Matthew F. Stroshine, 18, Orem, appeared in 4th District Juvenile Court Tuesday. He was scheduled to undergo a trial on two counts of forcible sexual abuse, a second-degree felony, but instead entered into a plea-in-abeyance agreement with prosecutors.If Stroshine meets certain conditions during the next 12 months, one of the felony sexual abuse counts will be dismissed and the other will be reduced to gross lewdness, a Class A misdemeanor.
For the victim and her family, the agreement accomplishes the objectives they set out to complete when they began contacting news media, government officials, school administrators and coaches of opposing football teams about the case last fall. The family just wanted to see Stroshine admit what he did, get professional help and take steps to ensure he won't assault someone else, prosecutor Chris Yannelli said.
"The settlement agreement accomplishes what we feel is a just punishment for this disturbed young man," the girl's family said in a statement. "Not only must Matthew Stroshine accept the responsibility of his guilt, he has the opportunity to change his life."
On Oct. 15, Stroshine was charged in juvenile court with assaulting the girl while they were watching movies with friends in an Orem home Aug. 18. The girl told police a boy touched her genitals and made her touch his without her consent.
On Tuesday, the victim was present in court while Stroshine told Judge Sterling B. Sainsbury that he would submit to conditions of the agreement. About a dozen high school students also attended the hearing to show support for the victim.
The girl's family said they allowed prosecutors to pursue the agreement because they realized a trial might inflict further emotional damage on the victim. She already has undergone "an insurmountable amount of pain," she said.
Stroshine was ordered to commit no crimes during 12 months, to participate in counseling related to his conduct and to submit a pro-gress report to the court every three months.

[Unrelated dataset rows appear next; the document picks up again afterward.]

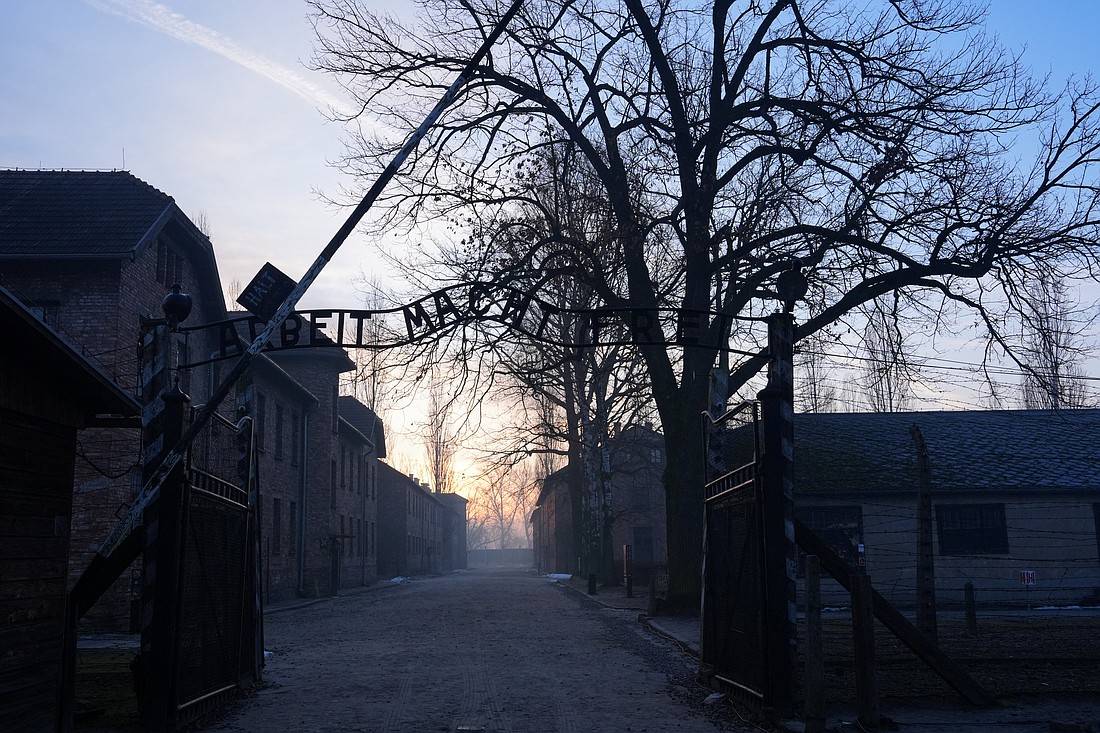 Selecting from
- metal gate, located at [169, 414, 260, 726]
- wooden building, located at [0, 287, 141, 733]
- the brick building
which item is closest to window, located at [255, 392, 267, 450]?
the brick building

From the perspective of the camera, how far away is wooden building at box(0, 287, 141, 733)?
6.88m

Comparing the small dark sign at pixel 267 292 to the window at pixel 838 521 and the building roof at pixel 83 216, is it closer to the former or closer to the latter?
the building roof at pixel 83 216

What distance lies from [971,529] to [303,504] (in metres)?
23.8

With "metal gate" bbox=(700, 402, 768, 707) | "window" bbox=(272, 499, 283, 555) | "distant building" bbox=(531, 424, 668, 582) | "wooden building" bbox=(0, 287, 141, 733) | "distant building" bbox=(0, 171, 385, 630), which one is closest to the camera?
"wooden building" bbox=(0, 287, 141, 733)

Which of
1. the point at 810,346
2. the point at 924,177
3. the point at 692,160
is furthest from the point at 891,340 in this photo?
the point at 692,160

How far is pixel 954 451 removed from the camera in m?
28.6

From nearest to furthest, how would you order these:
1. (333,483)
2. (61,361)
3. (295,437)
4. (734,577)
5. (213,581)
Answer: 1. (61,361)
2. (213,581)
3. (734,577)
4. (295,437)
5. (333,483)

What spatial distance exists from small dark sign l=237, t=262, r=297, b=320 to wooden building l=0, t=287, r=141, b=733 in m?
1.81

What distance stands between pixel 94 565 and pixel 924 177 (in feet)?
46.2

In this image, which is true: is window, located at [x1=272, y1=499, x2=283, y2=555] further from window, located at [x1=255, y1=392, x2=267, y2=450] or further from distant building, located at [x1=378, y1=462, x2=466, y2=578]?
distant building, located at [x1=378, y1=462, x2=466, y2=578]

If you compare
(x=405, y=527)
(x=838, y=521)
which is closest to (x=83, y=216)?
(x=838, y=521)

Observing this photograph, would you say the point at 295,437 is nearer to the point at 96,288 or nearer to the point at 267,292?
the point at 96,288

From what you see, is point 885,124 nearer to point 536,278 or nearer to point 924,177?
point 924,177

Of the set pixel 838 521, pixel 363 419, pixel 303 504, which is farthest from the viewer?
pixel 363 419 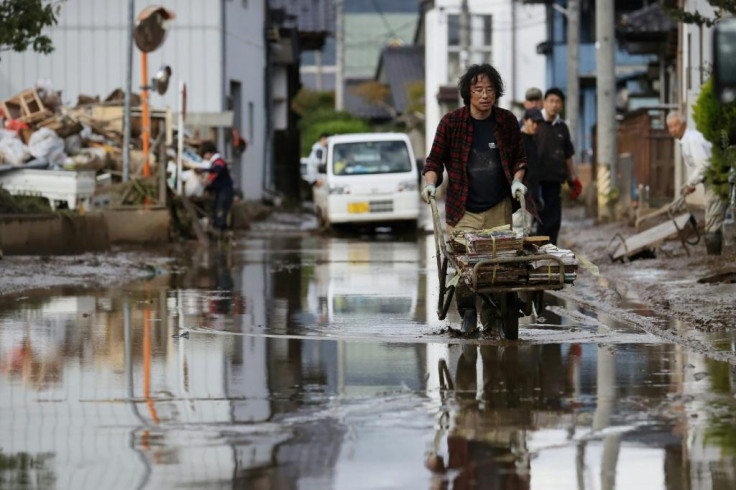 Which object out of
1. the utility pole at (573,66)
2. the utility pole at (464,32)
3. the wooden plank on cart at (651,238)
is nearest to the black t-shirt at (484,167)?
the wooden plank on cart at (651,238)

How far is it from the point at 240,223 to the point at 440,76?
34.7m

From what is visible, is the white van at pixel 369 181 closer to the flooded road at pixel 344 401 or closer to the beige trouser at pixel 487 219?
the flooded road at pixel 344 401

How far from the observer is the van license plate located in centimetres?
2805

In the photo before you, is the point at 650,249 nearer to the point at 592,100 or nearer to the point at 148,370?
the point at 148,370

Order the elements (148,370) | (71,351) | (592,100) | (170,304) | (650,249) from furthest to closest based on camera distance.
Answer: (592,100) → (650,249) → (170,304) → (71,351) → (148,370)

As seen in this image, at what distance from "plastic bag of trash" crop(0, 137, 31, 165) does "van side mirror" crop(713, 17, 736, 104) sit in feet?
59.5

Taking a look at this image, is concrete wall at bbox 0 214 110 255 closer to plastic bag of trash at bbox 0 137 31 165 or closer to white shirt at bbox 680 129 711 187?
plastic bag of trash at bbox 0 137 31 165

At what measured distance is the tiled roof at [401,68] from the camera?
83.4m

Sainsbury also told him to have no contact with the victim or her family and to pay a fine of $200.
"You have 12 months to prove to the court, to your family and to everyone else that this type of conduct is not characteristic of the kind of person you are going to be," Sainsbury told Stroshine.

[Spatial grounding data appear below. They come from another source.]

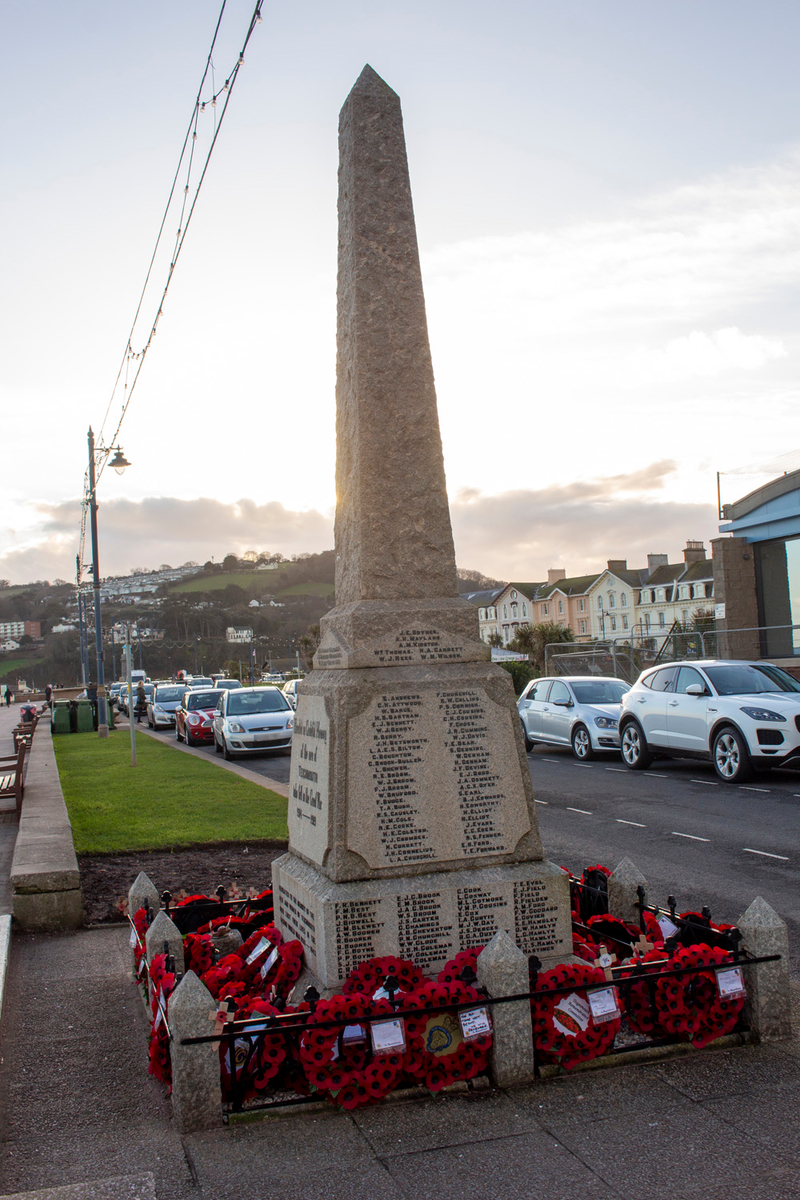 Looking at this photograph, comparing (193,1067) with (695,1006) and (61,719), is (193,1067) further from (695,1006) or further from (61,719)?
(61,719)

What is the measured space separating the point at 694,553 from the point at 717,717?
2429 inches

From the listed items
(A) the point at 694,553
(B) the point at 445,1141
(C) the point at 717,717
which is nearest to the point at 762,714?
(C) the point at 717,717

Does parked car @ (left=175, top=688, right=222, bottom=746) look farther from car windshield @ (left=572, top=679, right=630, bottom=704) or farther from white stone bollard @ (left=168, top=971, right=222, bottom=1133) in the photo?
white stone bollard @ (left=168, top=971, right=222, bottom=1133)

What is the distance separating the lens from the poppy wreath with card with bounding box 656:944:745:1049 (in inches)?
159

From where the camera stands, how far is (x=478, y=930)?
4.44m

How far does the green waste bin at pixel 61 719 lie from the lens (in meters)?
29.7

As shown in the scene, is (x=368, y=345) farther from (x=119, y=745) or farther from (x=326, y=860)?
(x=119, y=745)

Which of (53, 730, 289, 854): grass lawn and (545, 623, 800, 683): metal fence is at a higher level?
(545, 623, 800, 683): metal fence

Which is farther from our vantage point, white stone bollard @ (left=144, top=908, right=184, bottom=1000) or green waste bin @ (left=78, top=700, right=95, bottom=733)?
green waste bin @ (left=78, top=700, right=95, bottom=733)

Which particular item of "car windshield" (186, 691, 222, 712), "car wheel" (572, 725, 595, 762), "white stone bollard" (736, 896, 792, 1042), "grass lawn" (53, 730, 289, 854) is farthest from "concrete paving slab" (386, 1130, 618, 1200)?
"car windshield" (186, 691, 222, 712)

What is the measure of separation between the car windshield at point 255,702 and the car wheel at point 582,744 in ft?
21.9

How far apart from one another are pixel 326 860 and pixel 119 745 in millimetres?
19583

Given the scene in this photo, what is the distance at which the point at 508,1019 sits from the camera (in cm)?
379

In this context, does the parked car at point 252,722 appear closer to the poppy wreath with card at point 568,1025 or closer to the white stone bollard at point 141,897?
the white stone bollard at point 141,897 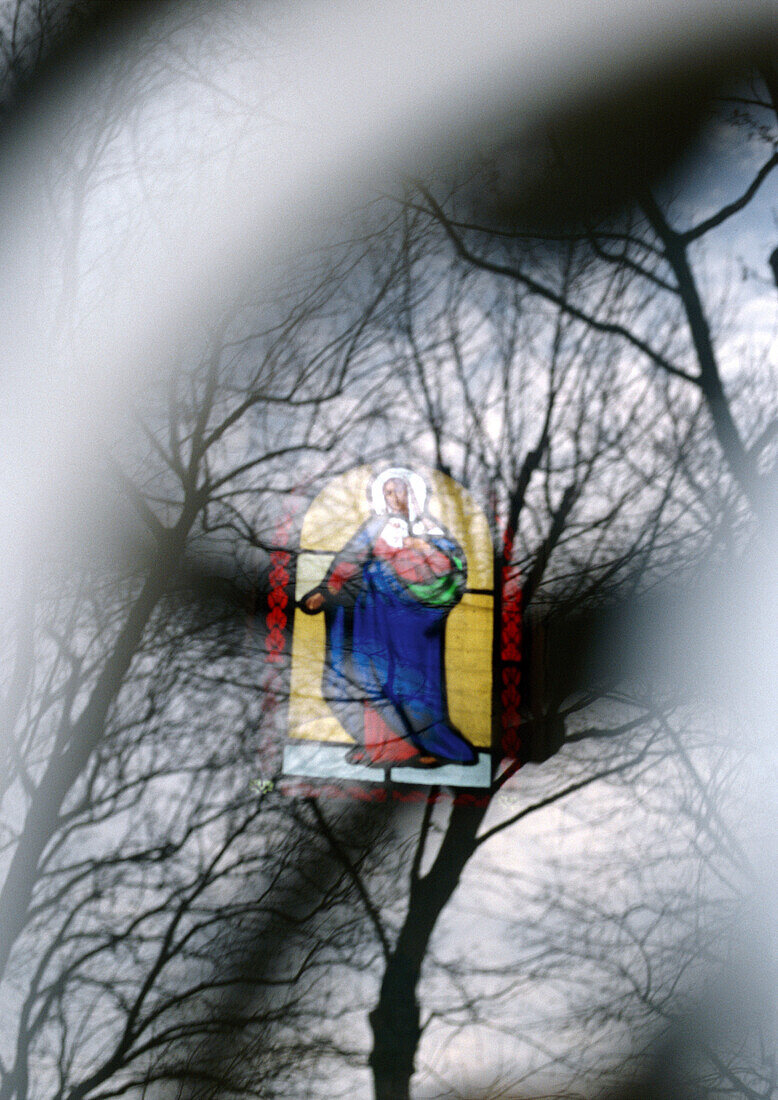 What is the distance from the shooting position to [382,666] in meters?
2.08

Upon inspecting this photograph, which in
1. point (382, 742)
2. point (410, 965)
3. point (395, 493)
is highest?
point (395, 493)

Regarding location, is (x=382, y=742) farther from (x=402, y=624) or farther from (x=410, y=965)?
(x=410, y=965)

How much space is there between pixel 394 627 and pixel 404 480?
0.38 meters

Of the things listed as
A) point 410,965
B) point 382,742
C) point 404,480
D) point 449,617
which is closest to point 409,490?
point 404,480

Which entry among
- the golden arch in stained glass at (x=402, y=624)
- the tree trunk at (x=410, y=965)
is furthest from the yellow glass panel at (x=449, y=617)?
the tree trunk at (x=410, y=965)

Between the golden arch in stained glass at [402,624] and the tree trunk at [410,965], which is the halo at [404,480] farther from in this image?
the tree trunk at [410,965]

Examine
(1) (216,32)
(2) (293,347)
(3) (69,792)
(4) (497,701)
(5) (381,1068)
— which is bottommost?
(5) (381,1068)

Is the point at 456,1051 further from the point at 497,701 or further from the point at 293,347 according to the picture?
the point at 293,347

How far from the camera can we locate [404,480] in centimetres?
212

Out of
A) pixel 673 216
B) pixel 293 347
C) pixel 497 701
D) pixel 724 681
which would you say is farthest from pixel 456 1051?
pixel 673 216

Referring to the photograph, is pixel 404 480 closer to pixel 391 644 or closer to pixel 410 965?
pixel 391 644

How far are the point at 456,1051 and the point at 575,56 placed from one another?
2.51 meters

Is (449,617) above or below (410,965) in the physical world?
above

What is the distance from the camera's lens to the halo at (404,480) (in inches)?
83.2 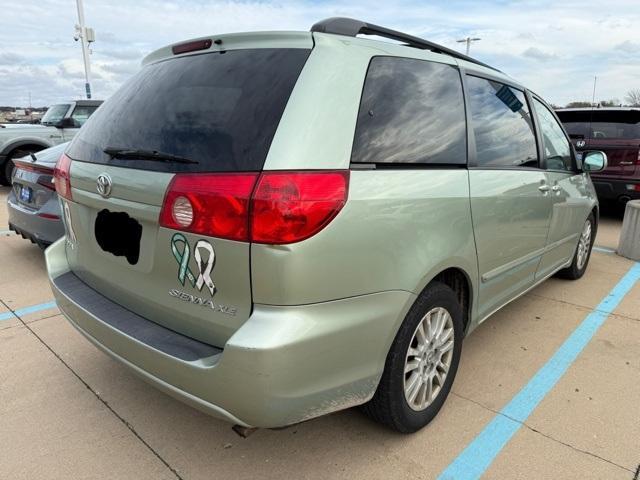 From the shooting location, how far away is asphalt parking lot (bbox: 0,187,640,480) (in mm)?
2156

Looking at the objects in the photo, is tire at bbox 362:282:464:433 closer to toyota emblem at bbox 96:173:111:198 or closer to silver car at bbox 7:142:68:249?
toyota emblem at bbox 96:173:111:198

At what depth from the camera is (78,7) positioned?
1917cm

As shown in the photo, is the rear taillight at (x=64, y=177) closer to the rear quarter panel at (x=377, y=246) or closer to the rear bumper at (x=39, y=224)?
the rear quarter panel at (x=377, y=246)

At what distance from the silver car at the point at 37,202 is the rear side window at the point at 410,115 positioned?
3287 mm

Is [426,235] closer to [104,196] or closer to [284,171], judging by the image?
[284,171]

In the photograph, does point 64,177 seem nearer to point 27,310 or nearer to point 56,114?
point 27,310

The judge told Stroshine that at the end of a year, "I hope you can say to yourself, `I've paid the price; I can move on with my life.' I don't want to see you back here, but if you do, the penalty will be severe," Sainsbury said.
Yannelli said the agreement is fair because it won't result in all charges simply being dropped if Stroshine completes the conditions. The Class A misdemeanor will remain on Stroshine's juvenile record.
"He admits to the felony charge, but it's held open for 12 months," Yannelli said.
If Stroshine were to violate conditions of the plea-in-abeyance, attorneys could proceed with prosecution of the two felony sexual abuse counts.